TO DO
Exact reproduction, images excluded: write out the records below.

(Records from a dataset)
*** Block opens ***

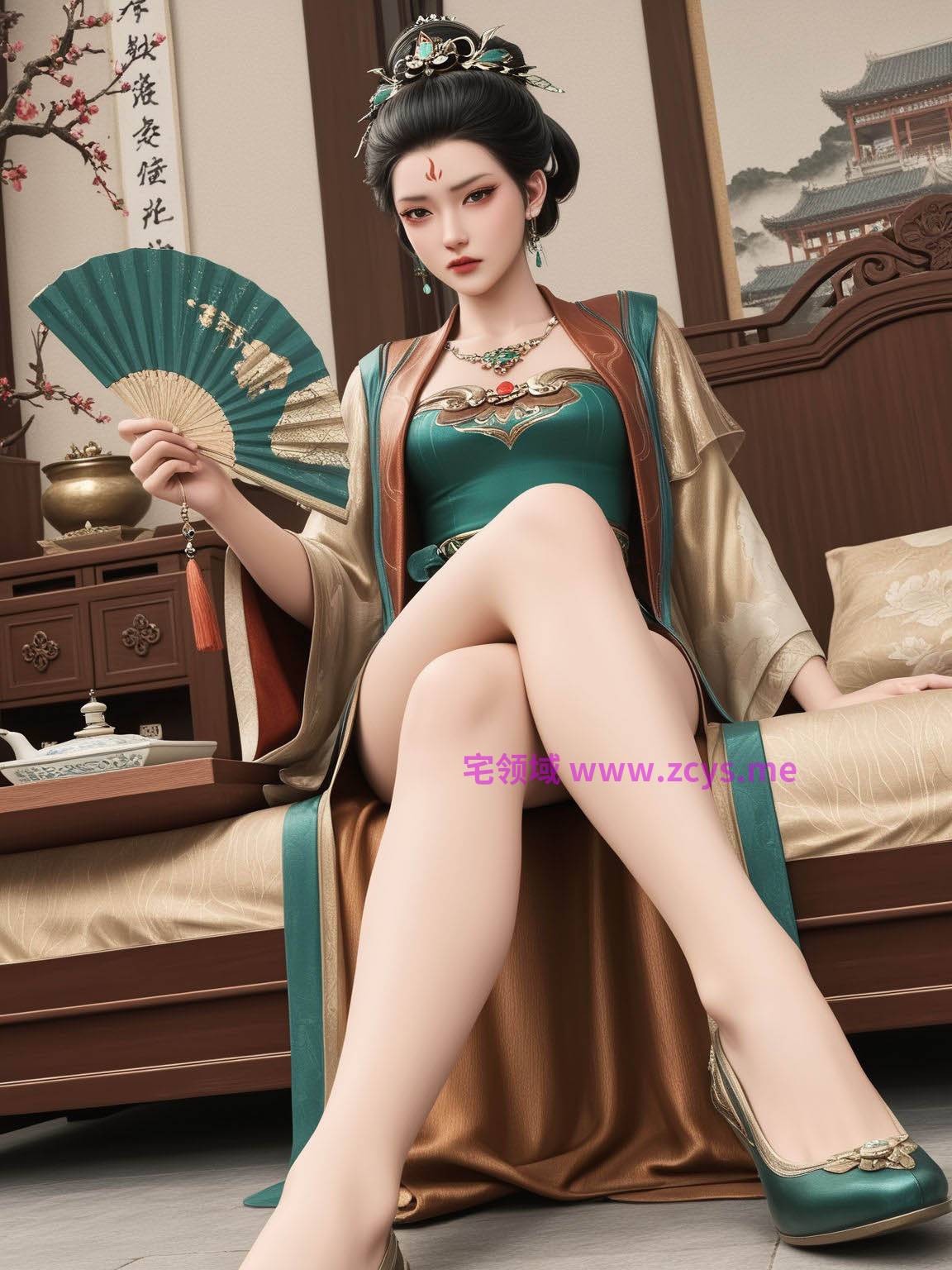 [AI动漫]（搬运至261007）剑来-南簪【DiAn】【223P】【548MB百度云】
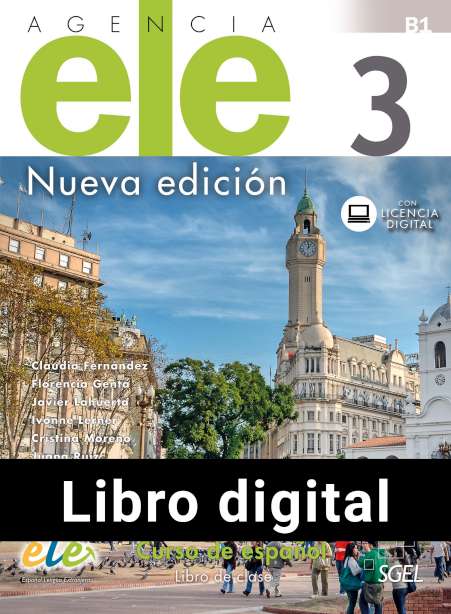 Agencia ELE Nueva edición 3 - Ed. Digital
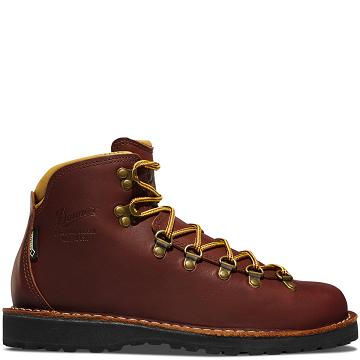 Danner Mountain Pass Wanderstiefel Damen Kaffee | DE4446FM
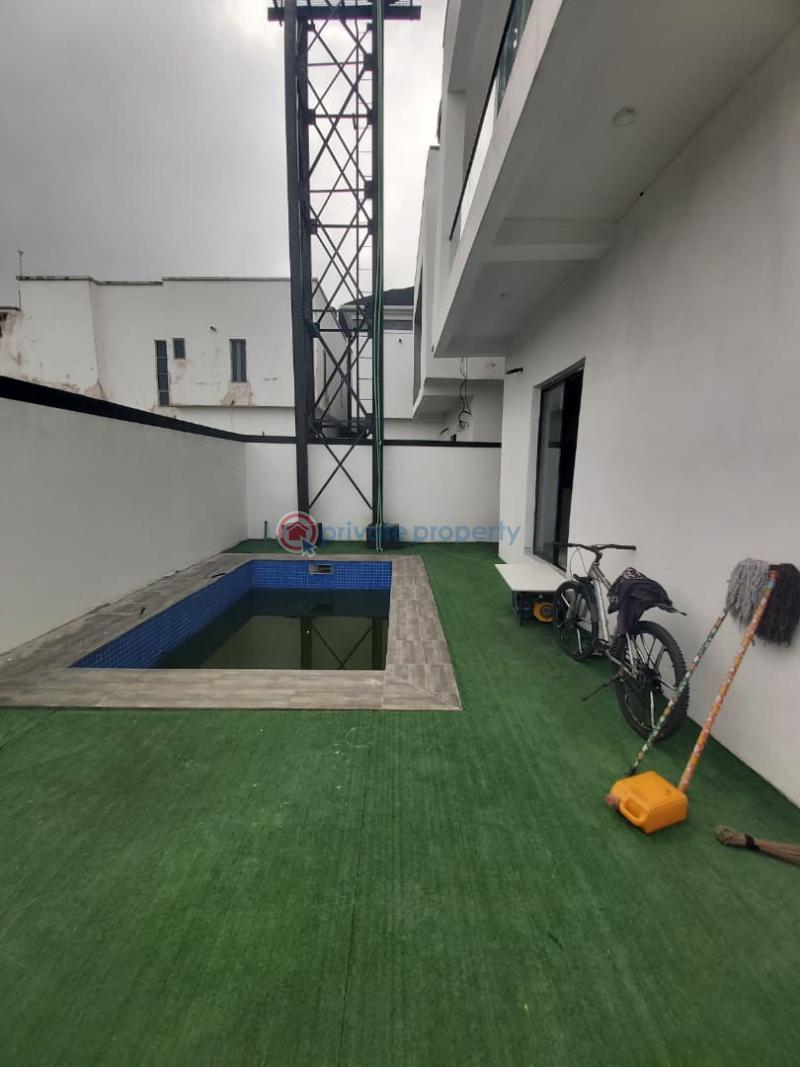 4 bedroom Detached Duplex For Sale Chevron Lekki Phase 2 Lagos - 22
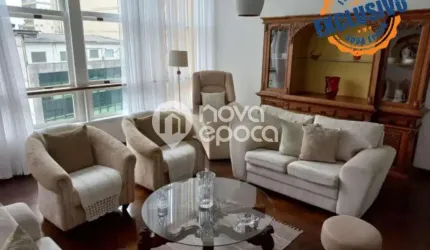 Apartamento com 3 quartos à venda na Rua General Roca, Tijuca, Rio de Janeiro, 165 m2 por R$ 1.000.000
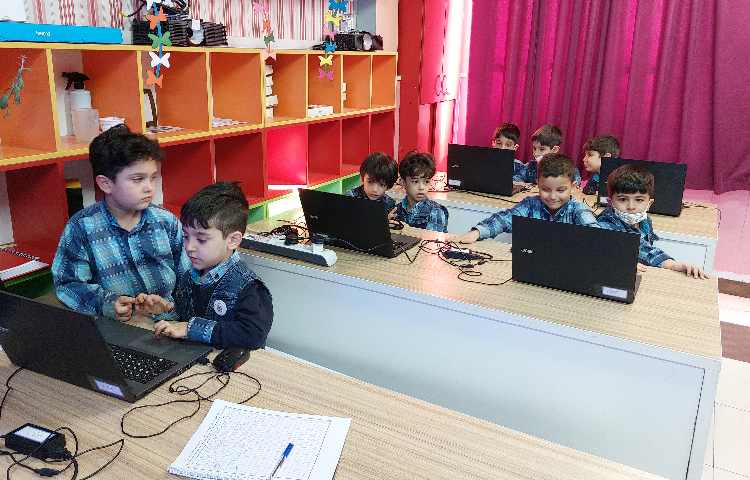 :رایانه، آموزش ویندوز، کلاس قاصدک 2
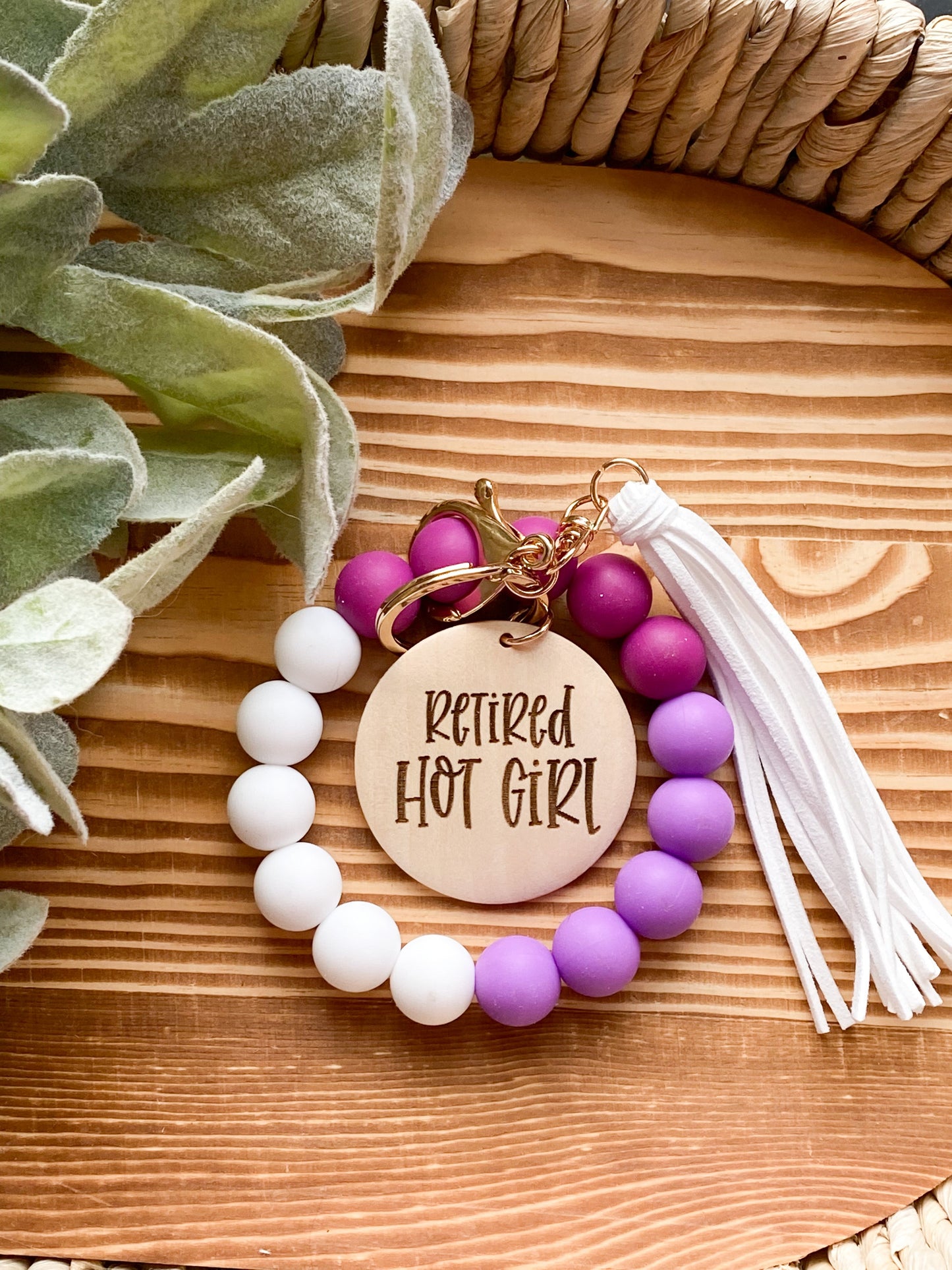 Retired Hot Girl Wristlet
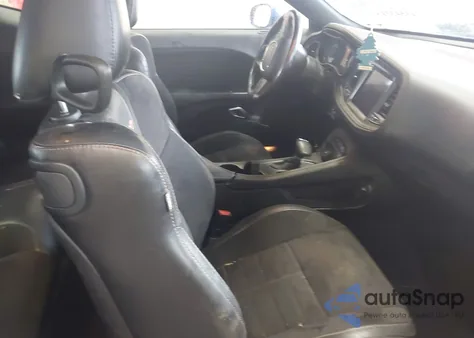 2020 Dodge Challenger R/T Scat Pack 50Th Anniversary from USA, damaged, VIN 2C3CDZFJ7LH223257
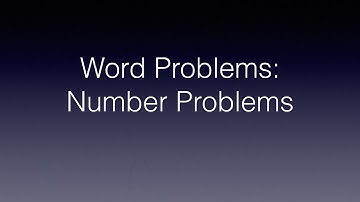 Word Problems: Number Problems (Tagalog Math) Civil Service Exam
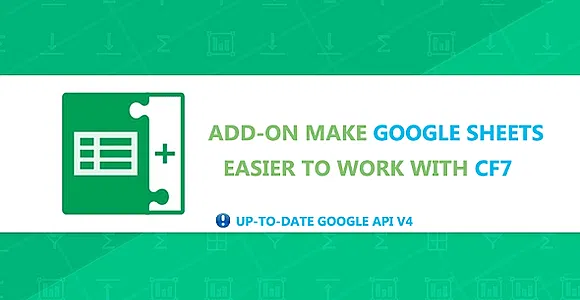 Contact Form CF7 Google Sheet Addon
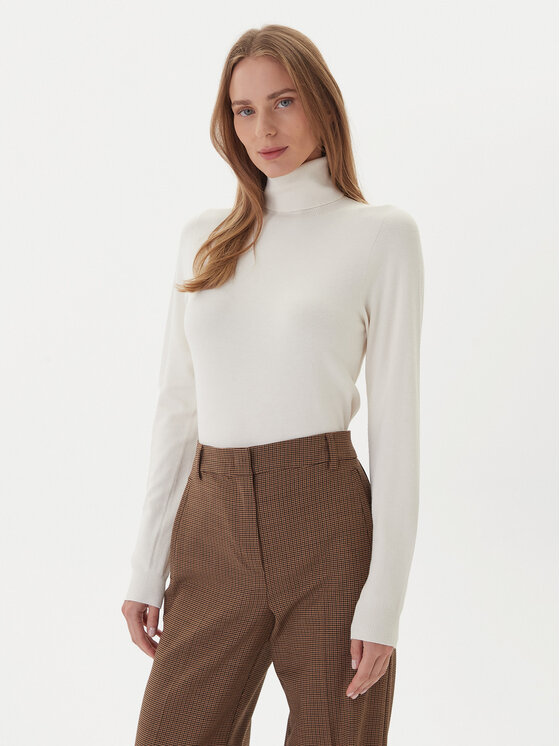 Водолазка regular fit 3M0824C Kontatto, экрю
Водолазка regular fit 3M0824C Kontatto, экрю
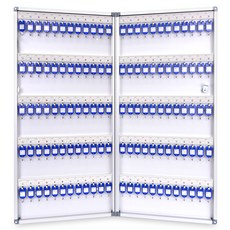 現代辦公室 Paper Friend 鑰匙保管箱 120p, 單一顏色, 1個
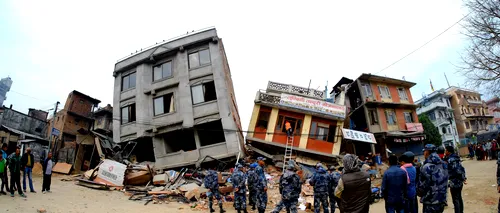 România va acorda statului Nepal un ajutor în bani, după cutremurul de 7,9 grade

*** Block closes ***

RESPONSE BOX
 [AI动漫]（搬运至261007）剑来-南簪【DiAn】【223P】【548MB百度云】
 Agencia ELE Nueva edición 3 - Ed. Digital
 Danner Mountain Pass Wanderstiefel Damen Kaffee | DE4446FM
 4 bedroom Detached Duplex For Sale Chevron Lekki Phase 2 Lagos - 22
 Apartamento com 3 quartos à venda na Rua General Roca, Tijuca, Rio de Janeiro, 165 m2 por R$ 1.000.000
 :رایانه، آموزش ویندوز، کلاس قاصدک 2
 Retired Hot Girl Wristlet
 2020 Dodge Challenger R/T Scat Pack 50Th Anniversary from USA, damaged, VIN 2C3CDZFJ7LH223257
 Word Problems: Number Problems (Tagalog Math) Civil Service Exam
 Contact Form CF7 Google Sheet Addon
 Водолазка regular fit 3M0824C Kontatto, экрю
Водолазка regular fit 3M0824C Kontatto, экрю
 現代辦公室 Paper Friend 鑰匙保管箱 120p, 單一顏色, 1個
 România va acorda statului Nepal un ajutor în bani, după cutremurul de 7,9 grade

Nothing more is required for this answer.